Southend charity, Harp, has always taken a lead in helping homeless people.

Now, it has been awarded cash from the Department of Health to pay for professionals to go out onto the streets and help homeless people before they fall ill.

Alina Kaminska, from Southend, and Sharon Chan, from Wickford, who both have a history working with people with mental health issues, are the charity’s new Street Outreach Workers.

Residents can help alert the team to someone who may need help through a website called www.streetlink.org.uk Team leader Michelle Noad explained: “The funding is to keep rough sleepers out of A&E, to help prevent them getting medical problems to keep hospital beds free, and save money in the long term.

“People can let us knowwhere rough sleepers are on the website and we can pick them up. If you can get people off the street quickly, it saves people getting mental health issues as well.

“They say that three weeks on the streets is enough to help cause mental health issues.
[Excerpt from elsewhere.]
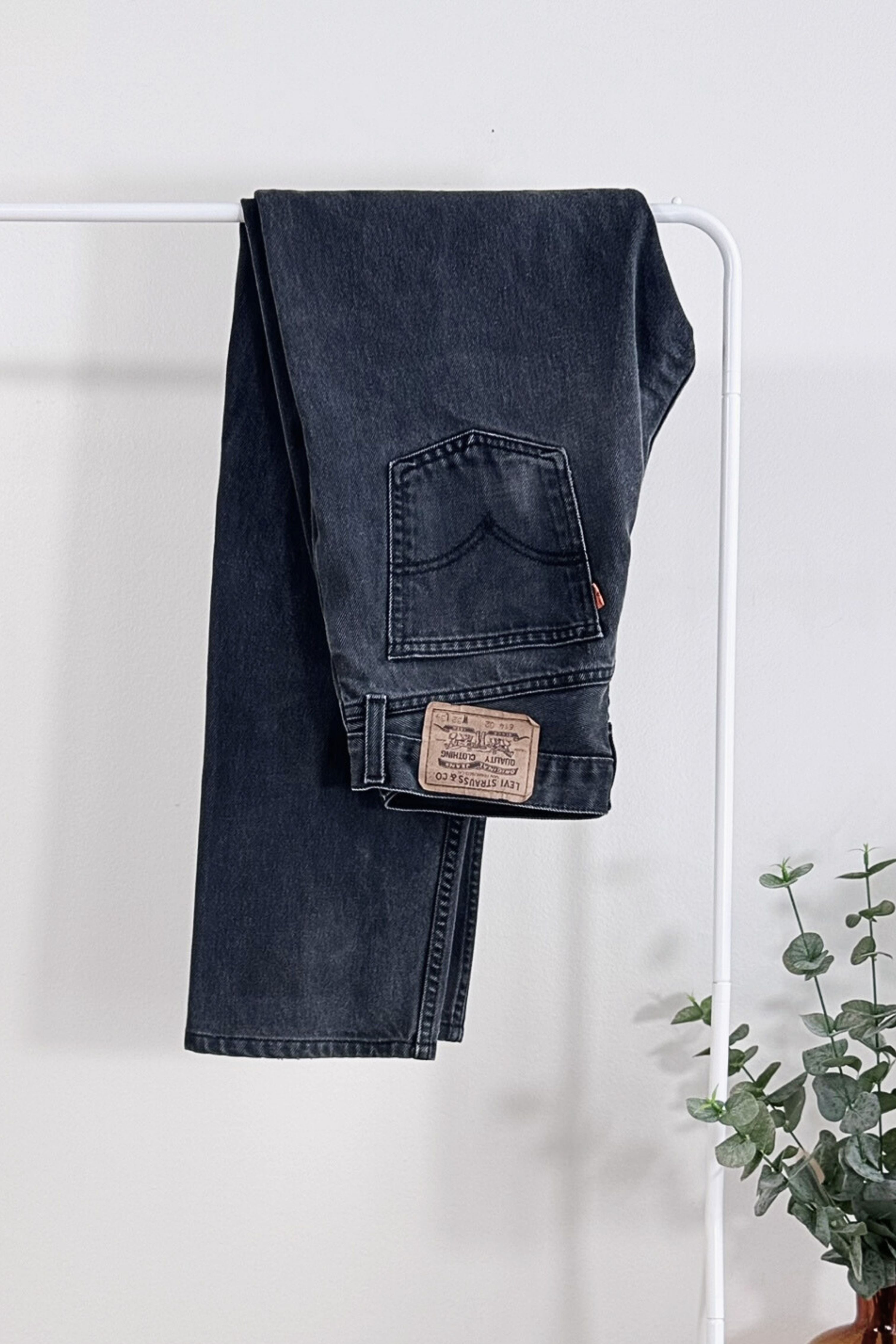 Jeans Levi's 614 W32 L34 gris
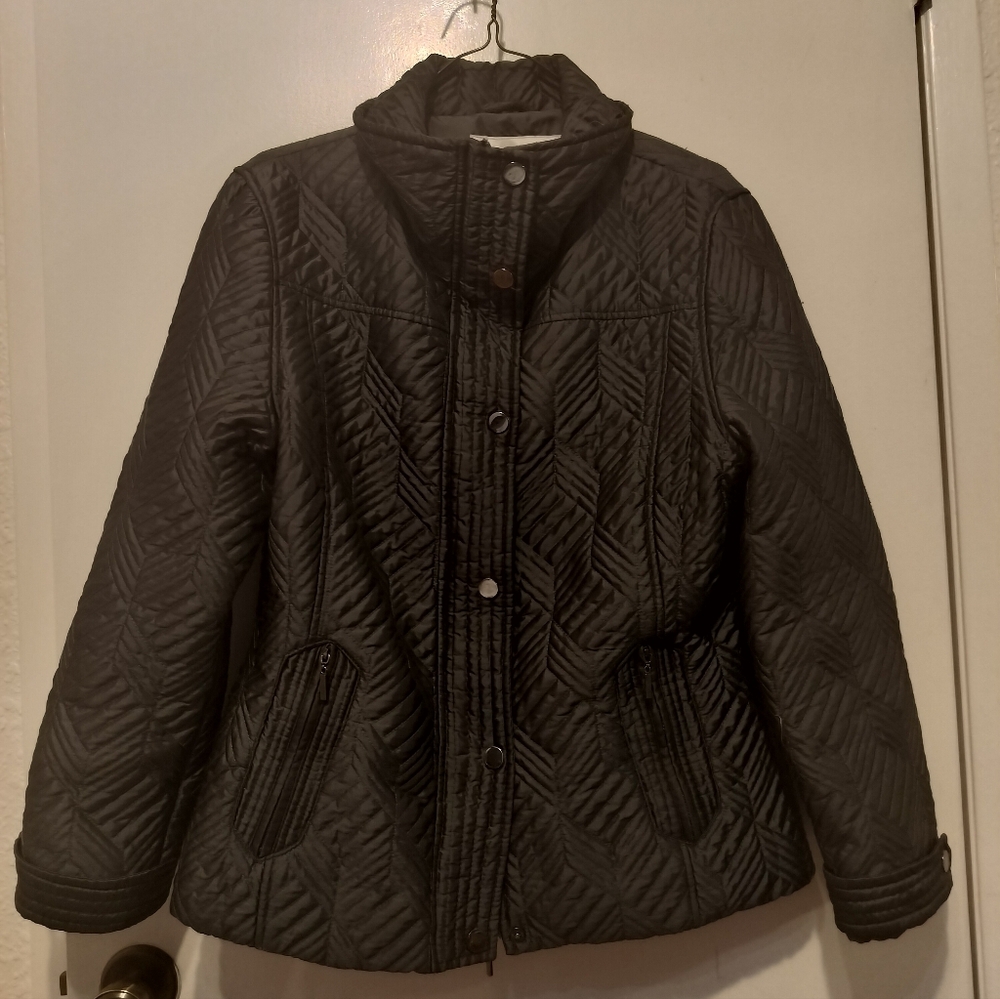 Weathercast Elegant Women's Gray Quilted Puffer Jacket. Size Small. Super Cozy.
“When we pick them up, they can go to our day centre and have breakfast. We help them get access to a GP, dentist and run a substance misuse advice service.”

The team also regularly patrols areas where rough sleepers are expected to frequent.

When I joined the patrol one morning, within a few minutes the patrol found a man sleeping outside the former H&M, in Southend High Street.

The outreach workers tried to speak to him but he didn’t wake up, so they agreed to come back to see him half an hour or so later to make him aware that help was available.

Alina said: “Some rough sleepers have problems with drug and alcohol abuse.

“If they don’t want to engage with us that is fine, we just keep trying.

“If they’re not ready to address their problems there’s nothing we can do about it.”

Echo:

A former rough sleeper bumped into the group shortly afterwards to thank them for the help the charity gave him in the past.

The man went on to volunteer for the charity himself, as many of its former clients do.

These include the team leader Michelle Noad herself, who credits the charity with turning her life around. Michelle was homeless at 16 and addicted to drugs, but the charity gradually helped her to get clean.

Within minutes a man and a woman who had spent the night in a church’s nightshelter were given advice by the workers about services available to them. And just after that a woman, spotting the workers’ high vis jackets with the Harp logo on, asks if she can volunteer with the charity.

But why would anyone want to work out in the cold and the rain, walking through damp alleys and speaking to strangers early every morning, some of whom refuse to be helped?

Sharon explained: “It’s rewarding. When there’s really bad weather and you have been in bed, you come out and find someone who has been out in the rain and the wind all night, it is difficult to see someone in that situation.

“But it is important that they can be found and that they get help.

“Later in the day we’ll be at the centre and it’s good to see people come in, because where else would they go?”

Harp is appealing for donations to help keep its services up and running.